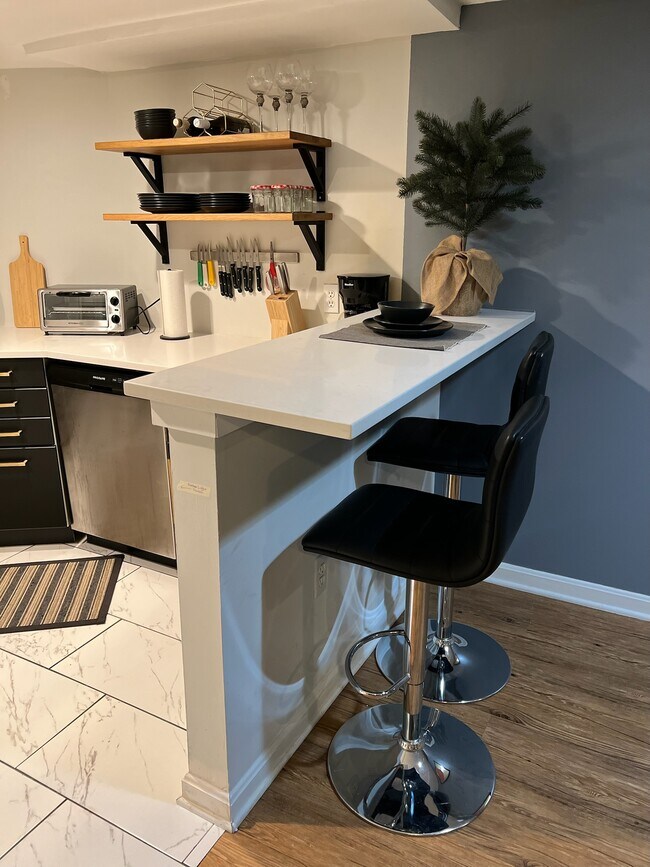 Foto del edificio - 633 14th St NE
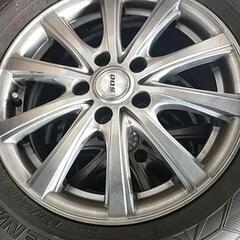 プリウスαスタッドレスタイヤ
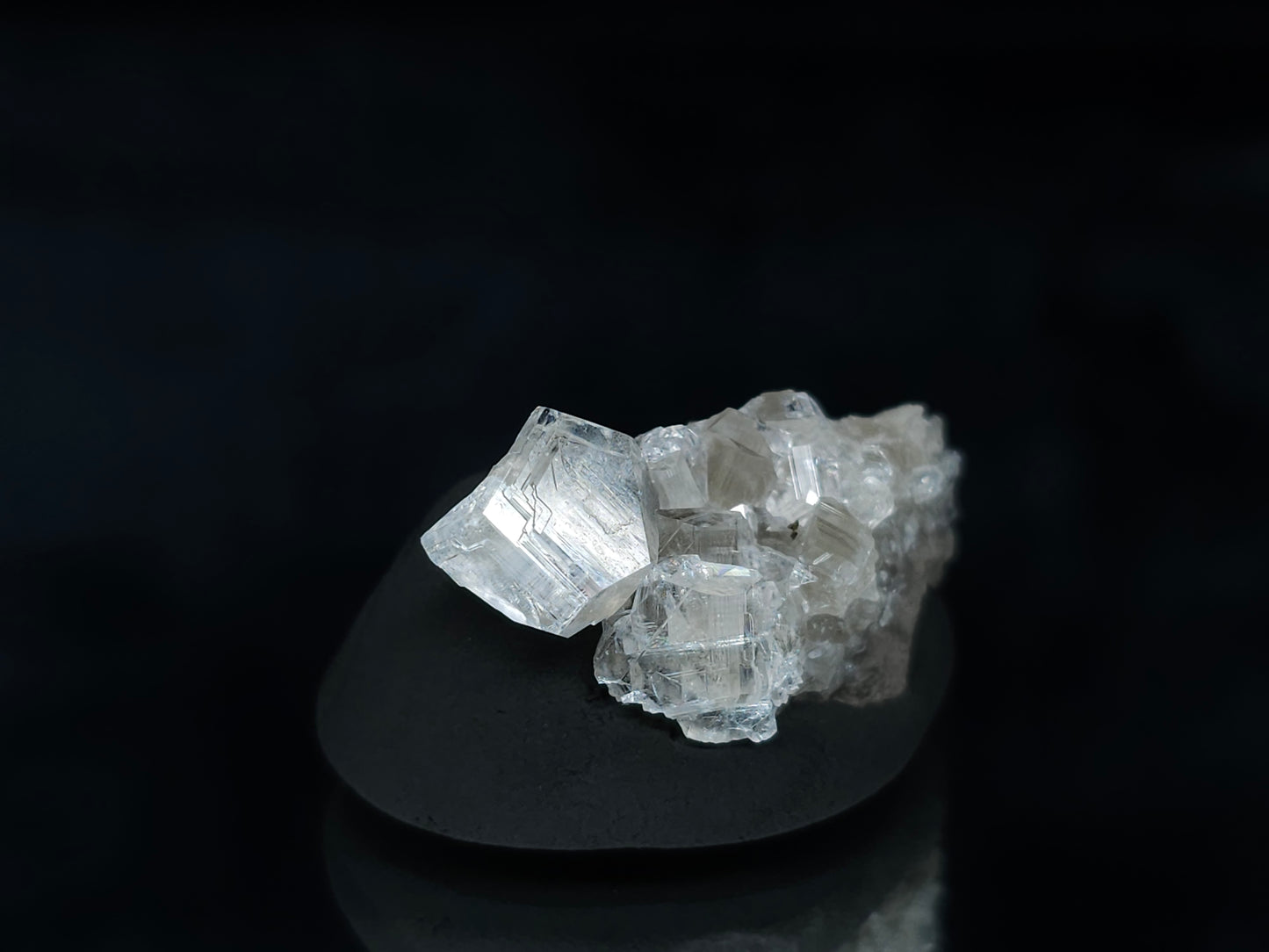 #33591 Super clear Nailhead Spar Calcite tiny cluster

◆ **Work instruction**: Omit pictures; set down the rest of the material word for word.

◆ **Solution to the problem**:
 Foto del edificio - 633 14th St NE
 プリウスαスタッドレスタイヤ
 #33591 Super clear Nailhead Spar Calcite tiny cluster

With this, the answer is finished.